Cell 1: Concatenates the 6 individual regression tables (each named RegT) into a master regression table named RegTmaster, which is saved in a file named MasterRegressionTable in the Structures folder. This table has 1 row for each of the 222 subjects
Cell 2: Creates a cell array with the names that groups have within their Experiment structures. Fields with these names are fields 14 to 17 or 18 in the list of fields at the Experiment level in any Experiment structure
Cell 3: Inserts the following columns between Col 2 and Col 3 of RegTmaster: nses, sesdur, CSdur, ITIdur (an average) US-US interval (also an average), the name of the group to which the subject belonged, the informativeness as computed from the values at the end of the Cums field for the rate of reinforcement during ITIs and the contextual rate of reinforcement
Cell 4: Computes best-fitting regression parameters for a linear model of the dependence of the final poke rate difference as a function of log10(iota; log2(iota) gives the amount of information in bits that the offset of the CS transmits to a subject and plots them in the leftmost subplot of a 2-subplot figure. Also computes the nonlinear model for the dependence of pellets to acquisition on log10(iota):\
log10(pellets to acquisition) = log10(k/iota). This is the model that Gibbon & Balsam (1981) fit to their pigeon autoshaping data.
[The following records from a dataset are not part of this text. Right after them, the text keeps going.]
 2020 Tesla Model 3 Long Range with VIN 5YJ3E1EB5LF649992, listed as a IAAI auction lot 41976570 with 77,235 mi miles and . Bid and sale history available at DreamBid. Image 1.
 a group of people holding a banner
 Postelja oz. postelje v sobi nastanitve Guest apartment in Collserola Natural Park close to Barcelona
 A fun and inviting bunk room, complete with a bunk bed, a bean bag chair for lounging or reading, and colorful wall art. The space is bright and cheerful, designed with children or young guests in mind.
Cell 5: Creates figure with 2 subplots showing the data and the regression lines for the regression models computed in Cell 4.
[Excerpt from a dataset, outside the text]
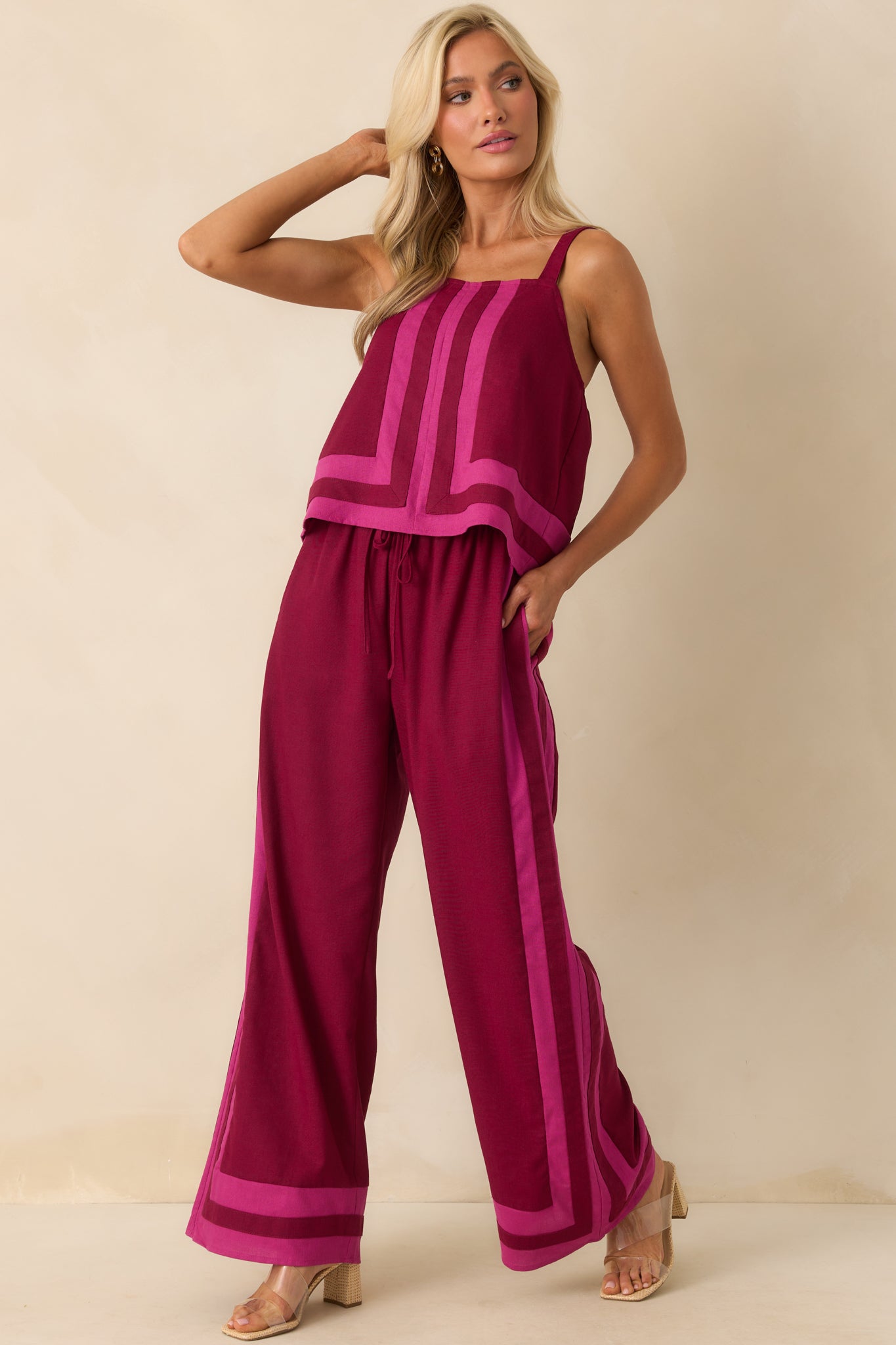 Full body front-facing image highlighting the pink and berry contrast trim along the neckline and center seam.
Complete Methods are provided in the article: Learning Depends on the Information Conveyed by Temporal Relationships Between Events and is Reflected in the Dopamine Response to Cues.
Briefly:
Male, Sprague-Dawley rats were housed in groups of two in a colony room on a 12:12 hour light:dark cycle. Water was available ad-lib in the home cages. They were fed in their home cages for one hour after experimental sessions, which occurred 5 days per week. On weekends, they had ad-lib access to food until approximately 22 hours before the first weekday session. They were approximately two months old at the start of training and had been handled for one week before that. They were trained in eight identical experimental chambers (30.5 cm x 24.1 cm x 21.0 cm) located in ventilated and soundproof boxes. Each chamber was equipped with a speaker, a house light, and a pellet dispenser (Model ENV-203, Med Associates), which delivered 20mg pellets into a head-entry-detecting trough (Models ENV-200R7 and ENV-254-CB, Med Associates). They initially received 2 sessions of magazine training, during which 40 pellets were delivered at random times during a 20-minute session (random time 30s schedule), followed by daily sessions with one of the experimental protocols. The time of occurrence of each head entry and the time of onset and termination of all stimulus events were recorded with 0.1s resolution.